What is being asked:
Below are records that should be duplicated exactly, with no image retained.

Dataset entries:
╭──
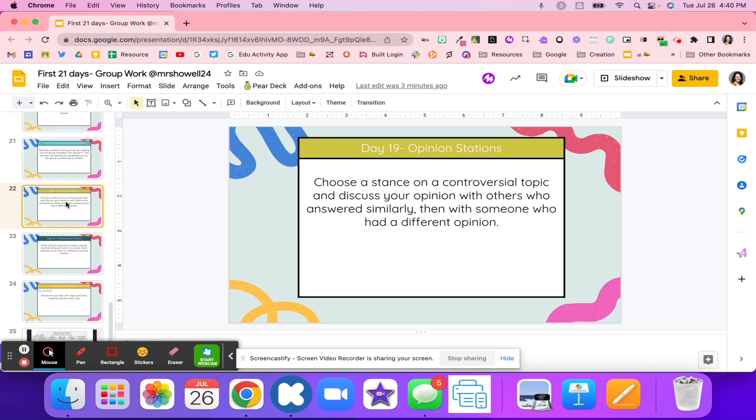Day 19 is opinion stations. This is where students might choose where they stand on a topic. They're going to share their opinion with someone that answered very similar to them, but then they're going to share it with someone who might have disagreed. Creating that culture of it's okay to disagree, but this is how we're going to respond. You might go back up and use some of those resources from before for those opinion stations.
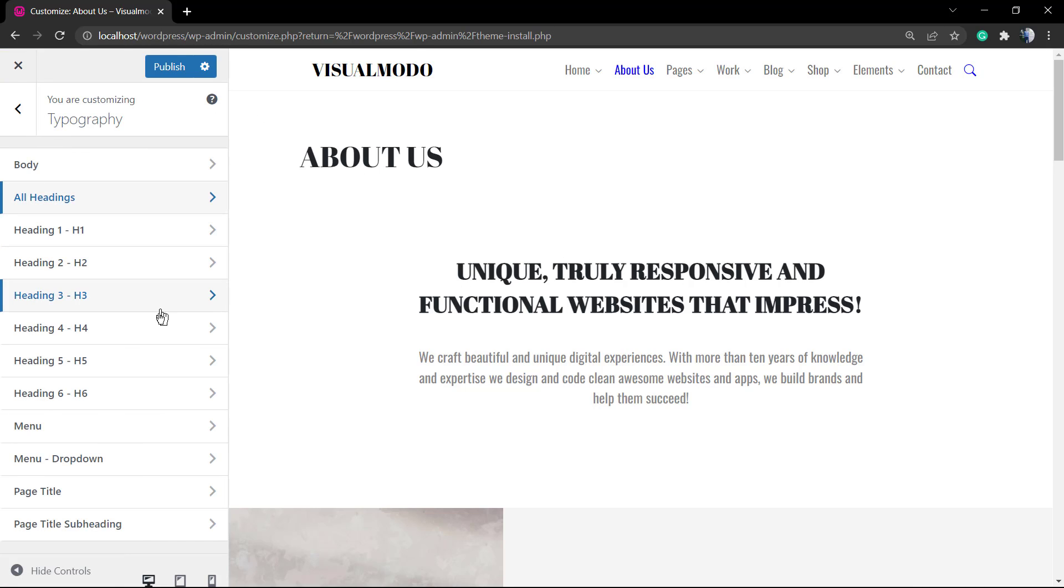Don't forget to check out the visualmoto.com portfolio of amazing WordPress themes. I'll see you later. All the best!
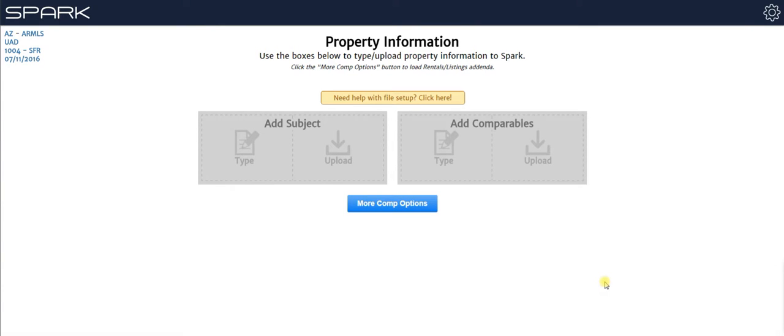Appraisers, in this video we're going to be going over the two methods you have for loading property information into Spark.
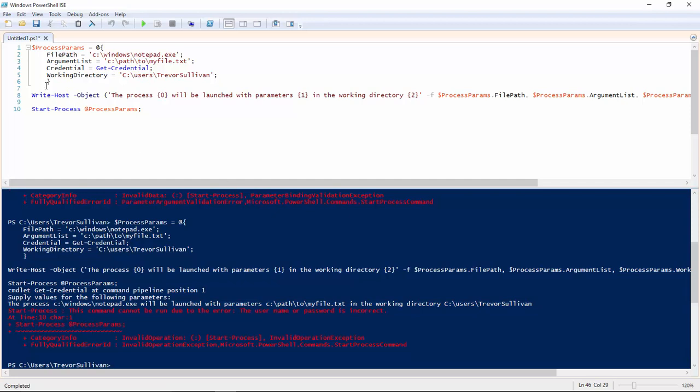So, again, this splatting technique allows us to separate the definition of our command parameters from the actual invocation of the command itself. So I hope that helps you understand PowerShell splatting.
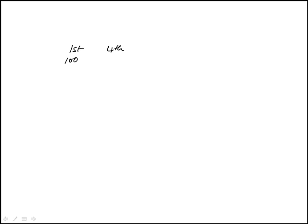So we're told that Sam opened a restaurant and on the first day he had 100 customers, then on the fourth day he had 160 customers. They tell us the number of customers per day grew linearly. Question is, what was the number of customers on the second day?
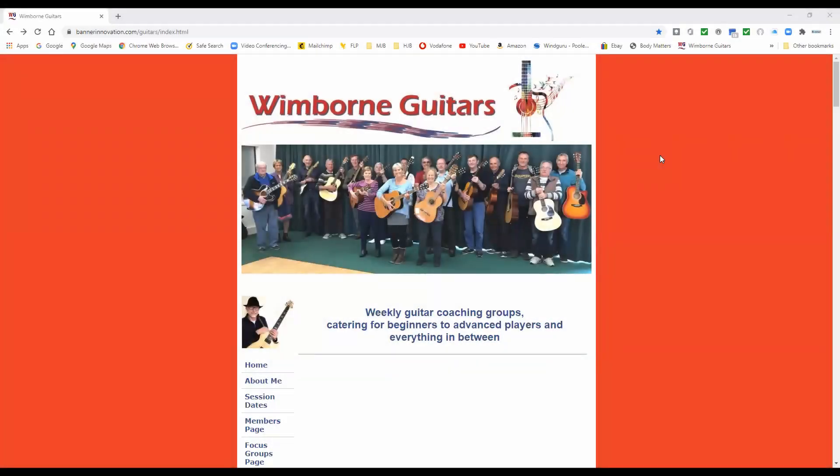Hello guitarist, Mark here at Wimborne Guitars. Today I'm going to show you how you can make the most of the Wimborne Guitars website and how you can access Sessions To Go, which are the recordings of our live playing sessions and group sessions that we make week by week. There's a list of sessions you can access, and that list is growing week by week, so let's take a look at the website.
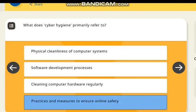What does cyber hygiene primarily refer to? Correct answer: practices and measures to ensure online safety.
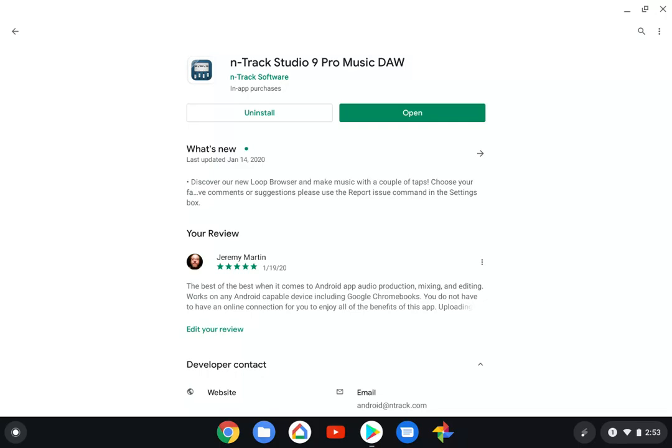I paid for n-Track Studio once, about 30 bucks, and I got that same full application on my Google Pixelbook, my Google Pixel 4 XL phone, and on my Galaxy Tab A. So one payment gives me three devices that I can use and connect to my Google Drive to give me all kinds of audio recording options.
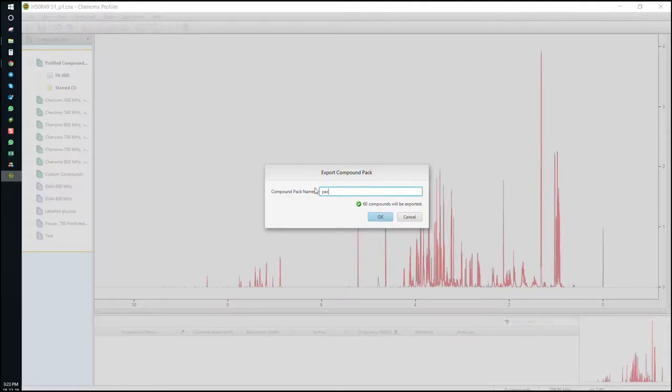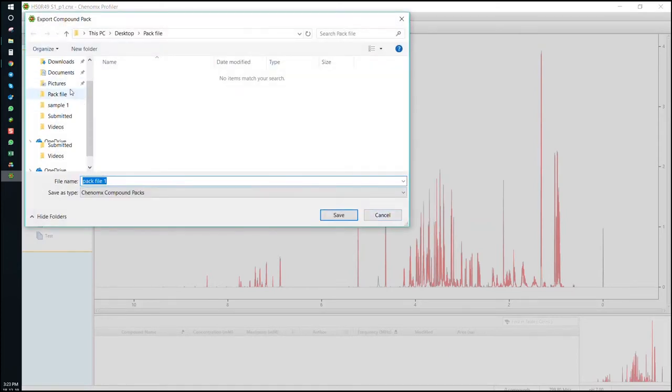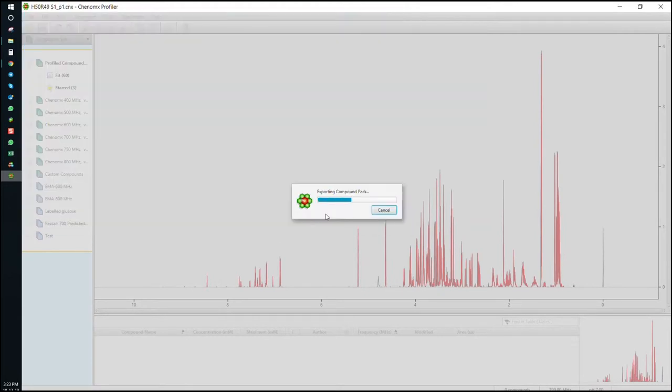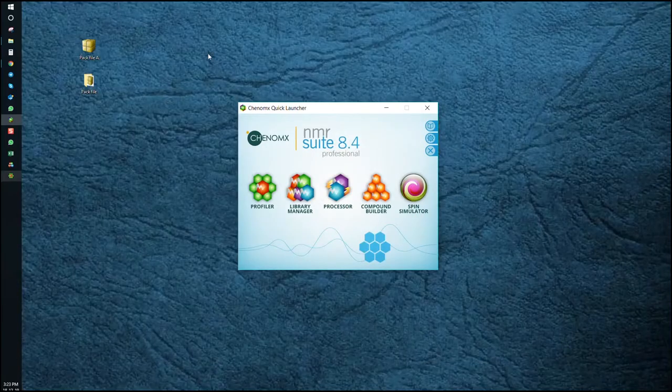The menu confirms we'll be exporting 60 compounds as XCPD files. Choose your destination folder and now we have those 60 signatures in a PAC file.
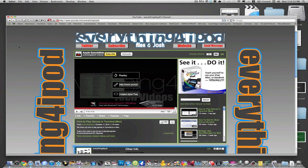Hey guys, it's everything for iPod here. I'm Alex and today I'm going to be showing you how I made the background for our layout and how you can make a really cool layout for your channel whether you're partner or not. I happen to be partner so I have the banner space at the top but you don't need to be partner to do it this way.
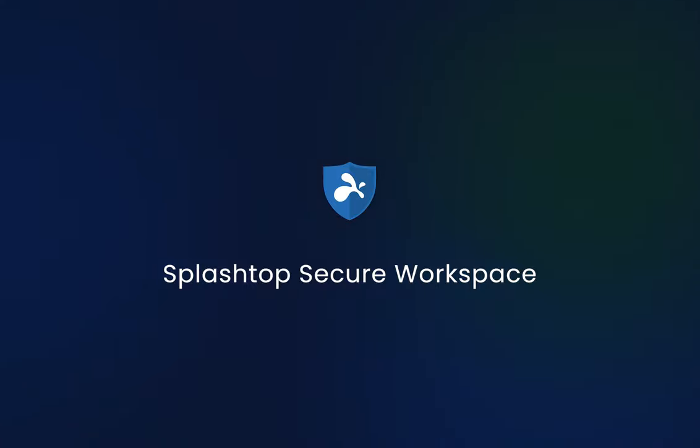Thank you for joining this demo of the Splashtop Secure Workspace web portal. If you have any questions or would like to learn more, please feel free to reach out to our support team. Thank you.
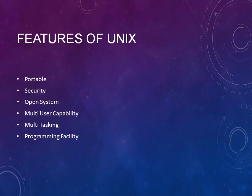It's very much secured and it's an open system. It has multi-user capability, can do multitasking at a time, and has programming facility. You can program any of the languages that you want in the UNIX environment.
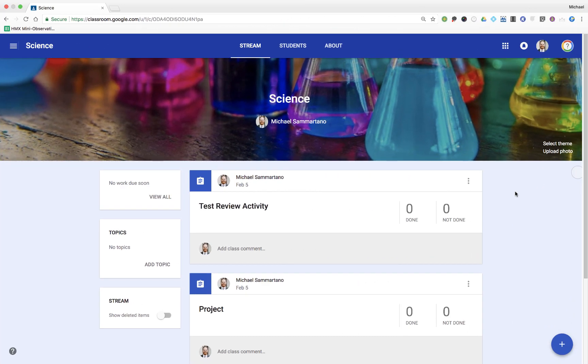Here I am in Google Classroom. You'll notice that icon is still here on the right hand side. So I'm going to click on it to record a new voice memo for my students.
╰──
Response below:
Day 19 is opinion stations. This is where students might choose where they stand on a topic. They're going to share their opinion with someone that answered very similar to them, but then they're going to share it with someone who might have disagreed. Creating that culture of it's okay to disagree, but this is how we're going to respond. You might go back up and use some of those resources from before for those opinion stations.
Don't forget to check out the visualmoto.com portfolio of amazing WordPress themes. I'll see you later. All the best!
Appraisers, in this video we're going to be going over the two methods you have for loading property information into Spark.
So, again, this splatting technique allows us to separate the definition of our command parameters from the actual invocation of the command itself. So I hope that helps you understand PowerShell splatting.
So we're told that Sam opened a restaurant and on the first day he had 100 customers, then on the fourth day he had 160 customers. They tell us the number of customers per day grew linearly. Question is, what was the number of customers on the second day?
Hello guitarist, Mark here at Wimborne Guitars. Today I'm going to show you how you can make the most of the Wimborne Guitars website and how you can access Sessions To Go, which are the recordings of our live playing sessions and group sessions that we make week by week. There's a list of sessions you can access, and that list is growing week by week, so let's take a look at the website.
What does cyber hygiene primarily refer to? Correct answer: practices and measures to ensure online safety.
I paid for n-Track Studio once, about 30 bucks, and I got that same full application on my Google Pixelbook, my Google Pixel 4 XL phone, and on my Galaxy Tab A. So one payment gives me three devices that I can use and connect to my Google Drive to give me all kinds of audio recording options.
The menu confirms we'll be exporting 60 compounds as XCPD files. Choose your destination folder and now we have those 60 signatures in a PAC file.
Hey guys, it's everything for iPod here. I'm Alex and today I'm going to be showing you how I made the background for our layout and how you can make a really cool layout for your channel whether you're partner or not. I happen to be partner so I have the banner space at the top but you don't need to be partner to do it this way.
Thank you for joining this demo of the Splashtop Secure Workspace web portal. If you have any questions or would like to learn more, please feel free to reach out to our support team. Thank you.
It's very much secured and it's an open system. It has multi-user capability, can do multitasking at a time, and has programming facility. You can program any of the languages that you want in the UNIX environment.
Here I am in Google Classroom. You'll notice that icon is still here on the right hand side. So I'm going to click on it to record a new voice memo for my students.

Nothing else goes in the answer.